I can't help but be somewhat puzzled by this, since Panacea's "retaliation" consists of refusing to tell Taylor whether or not Tattletale is dead; which has no impact on her decision to bug out and go rushing through the medical tent. She clearly
enjoys not telling her why three Protectorate members are coming to see her, which has the actual impact, but that's not her call. She's been told by the PRT to keep Taylor in the dark, which is a baffling decision, but it's not hers. She was bitchy and vindictive, but engaged in no material retaliation, and being rude to someone who's been nothing but awful to you is certainly not something that she could have expected would lead to Taylor rushing into a restricted hospital area, considering a) she's in handcuffs, b) Taylor herself admits it was pretty stupid of her not to realize why she was in handcuffs.

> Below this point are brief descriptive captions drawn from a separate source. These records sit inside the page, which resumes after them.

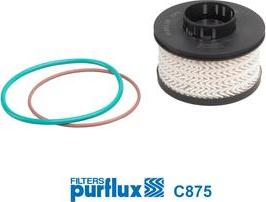 Purflux C875 - Palivový filtr parts5.com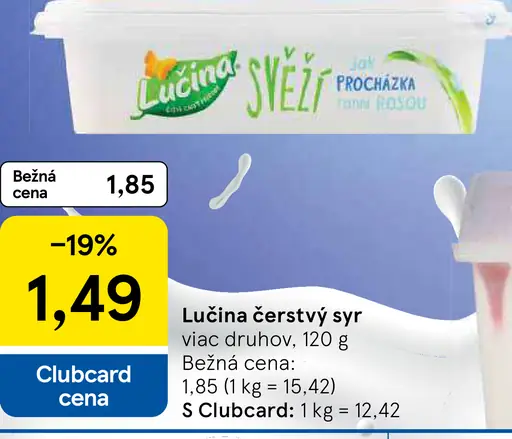 Lučina čerstvý syr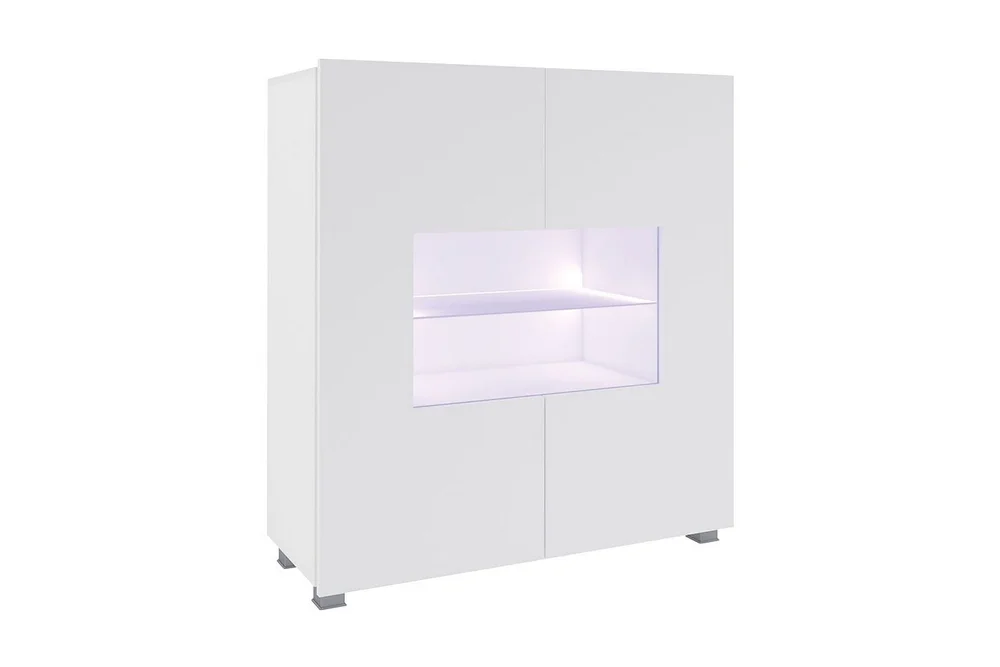 Calabrini Vitrineskap 100x35x107 cm v:2924454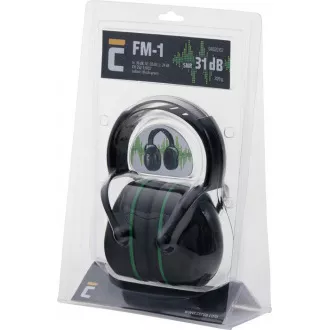 FM-1 slušalice crne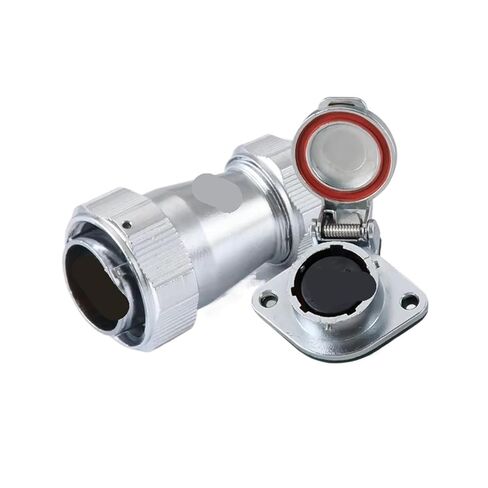 1PCS WY20TE+ZG Waterproof Male and Female Connector(3Pin) in Saudi Arabia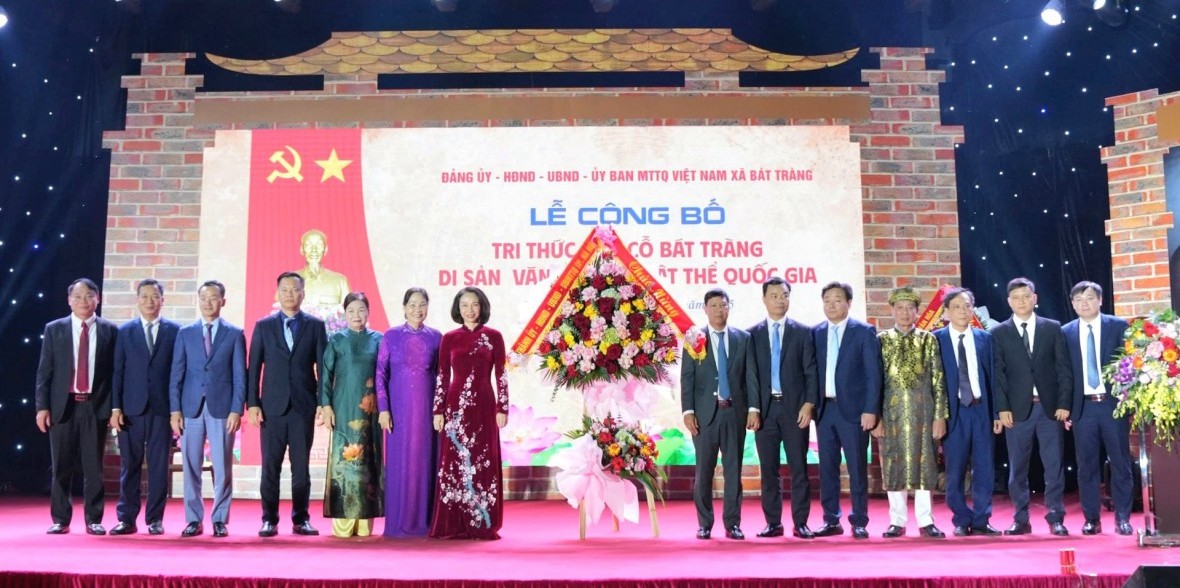 "Tri thức nấu cỗ Bát Tràng” là Di sản văn hóa phi vật thể quốc gia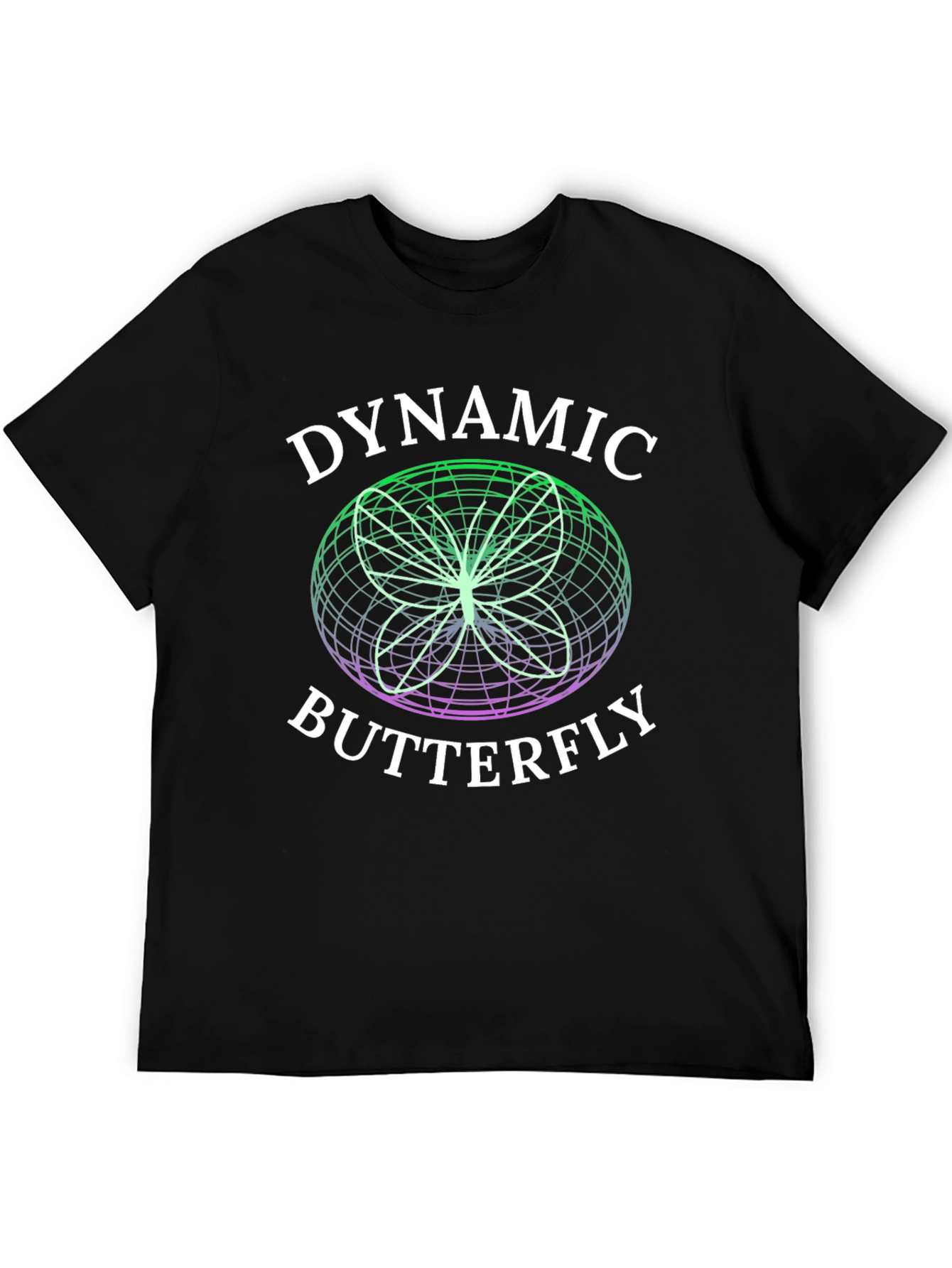 Dynamic Butterfly Graphic Tee - Unique Design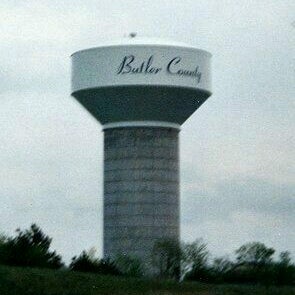 Butler County Water Tower - 5 visitors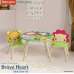 Fisher-Price - Ensemble table-chaise Brave Heart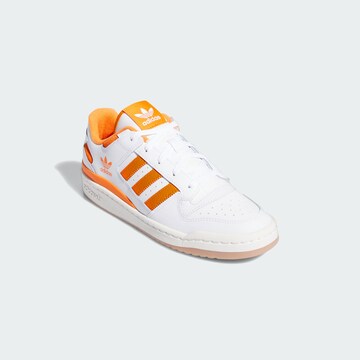 Baskets basses 'Forum' ADIDAS ORIGINALS en blanc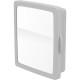 Armario Plastico Valeplast Externo 33X36 Cinza 68.030 Armario Plastico Valeplast Externo 33X36 Cinza 68.030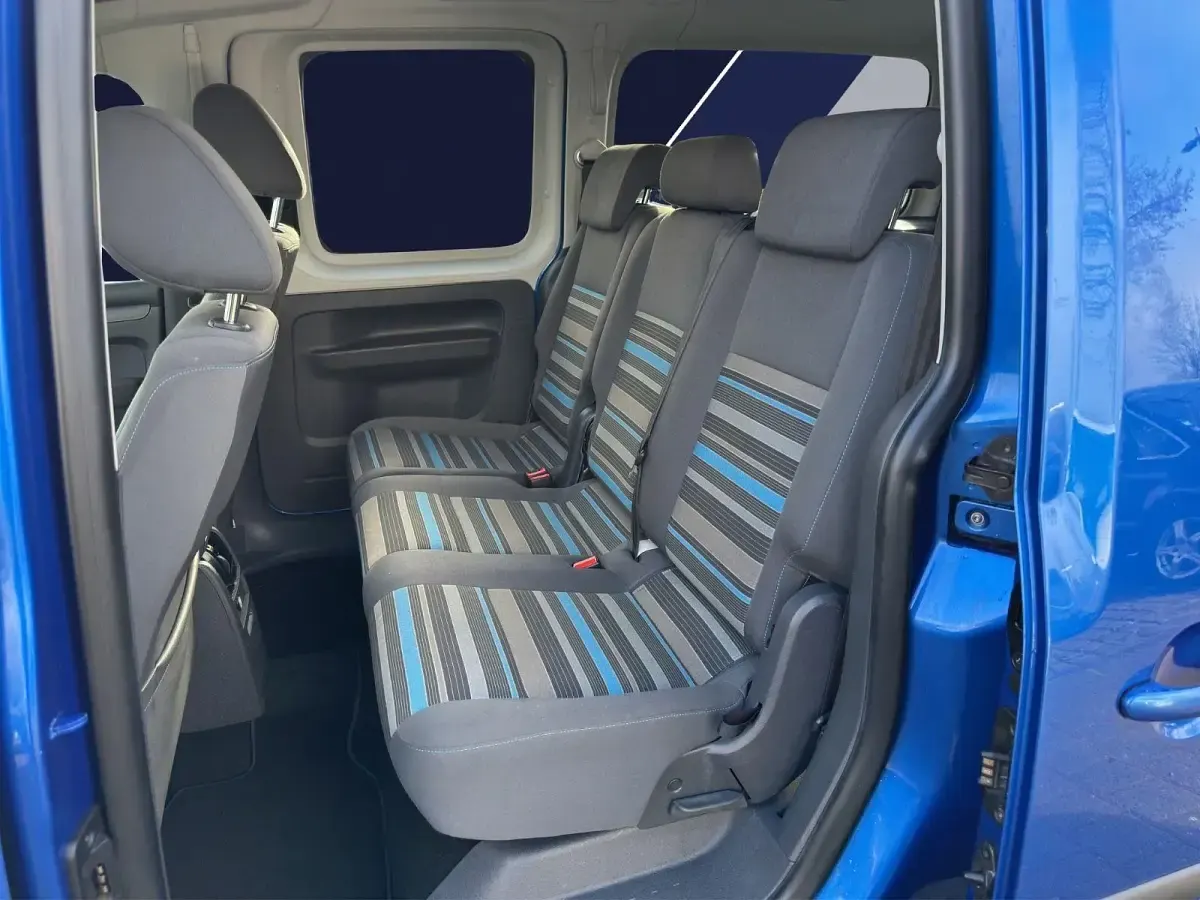 Gebraucht VW Caddy Maxi 102 PS (75 kW) 2012 Blau Van / Kleinbus
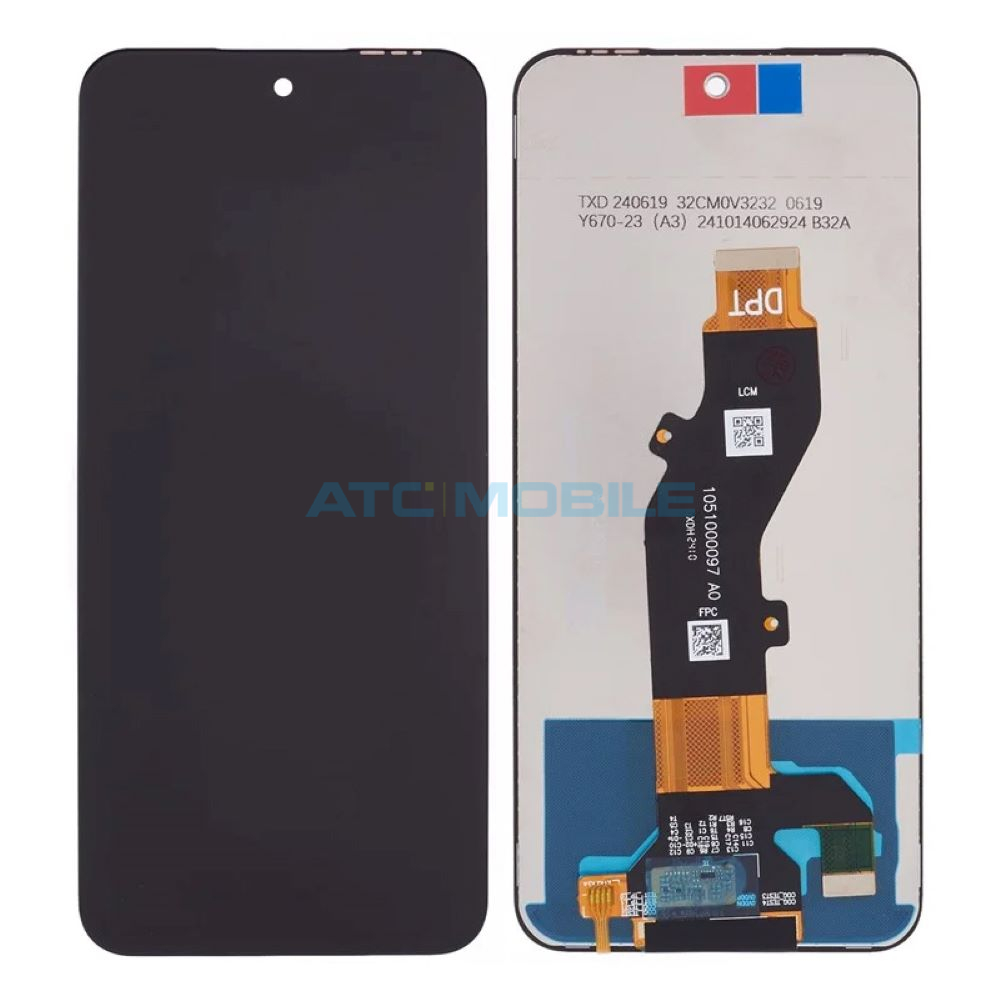 INF-H50-LCDO TPU kryt Shield4U Infinix Hot 50i (X6531) čirý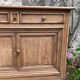 Antique solid wood sideboard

Taylor accuses Panacea of seeing everything in black and white, but again; her resume at that point is "robbed a bank" and "attacked a charity gala". She's not exactly shown off any hidden depths.
Even little things she does manage to get me, like how she "apologizes" to Taylor when she explains she's making death plagues while talking to Jack and so Jack and Taylor should be dead many times over. Like, okay, you're fine with fucking over Taylor for no actual reason, repeatedly, but you feel the need to pretend to apologize for theoretically incidentally killing her in the process of dealing with Jack? What is this shit, and why should I believe it's a genuine apology as opposed to some subtle way of being mean?
The other parts I can understand, even if I don't agree, but this is just a
bizarrely willful interpretation. Panacea asks Jack why he isn't dead, considering she's been making death-plagues to kill him and Bonesaw, and when Taylor goes "what about me", Panacea says "I didn't know you were there. You should be dead too. Sorry." That reads as dialogue in a tense situation, not a "pretend" apology. This comes just paragraphs after she admitted that Skitter and Tattletale were among the only people to actually pay attention to her; "some subtle way of being mean" is a tremendously counter-intuitive reading.
Honestly, as tired as I am of Panacea as a character, and as much as I have trouble connecting with fandom beanbags, and as much as I feel she's one of a long list of amazing wow so powerful and important setting entities that have been clumped into Brockton Bay for no good reason and with no particular impact on the setting, I think you're viewing Panacea too much through the lens of Taylor's mask. She treats Taylor like a self-serving bitch in the early story, because the sum total of her interactions with her - prior to a mental breakdown provoked by a cascade of implausible events in the middle of what amounts to the apocalypse - have cast Taylor as a self-serving bitch.
Even accepting your read of her as amoral and acting solely on the expectations of society, rather than a moral person who's under too much external and internal pressure to properly function and no real support network to ease the strain... Your judgement of her is
bafflingly harsh. And I say this as someone who rags on Worm for more-or-less everything.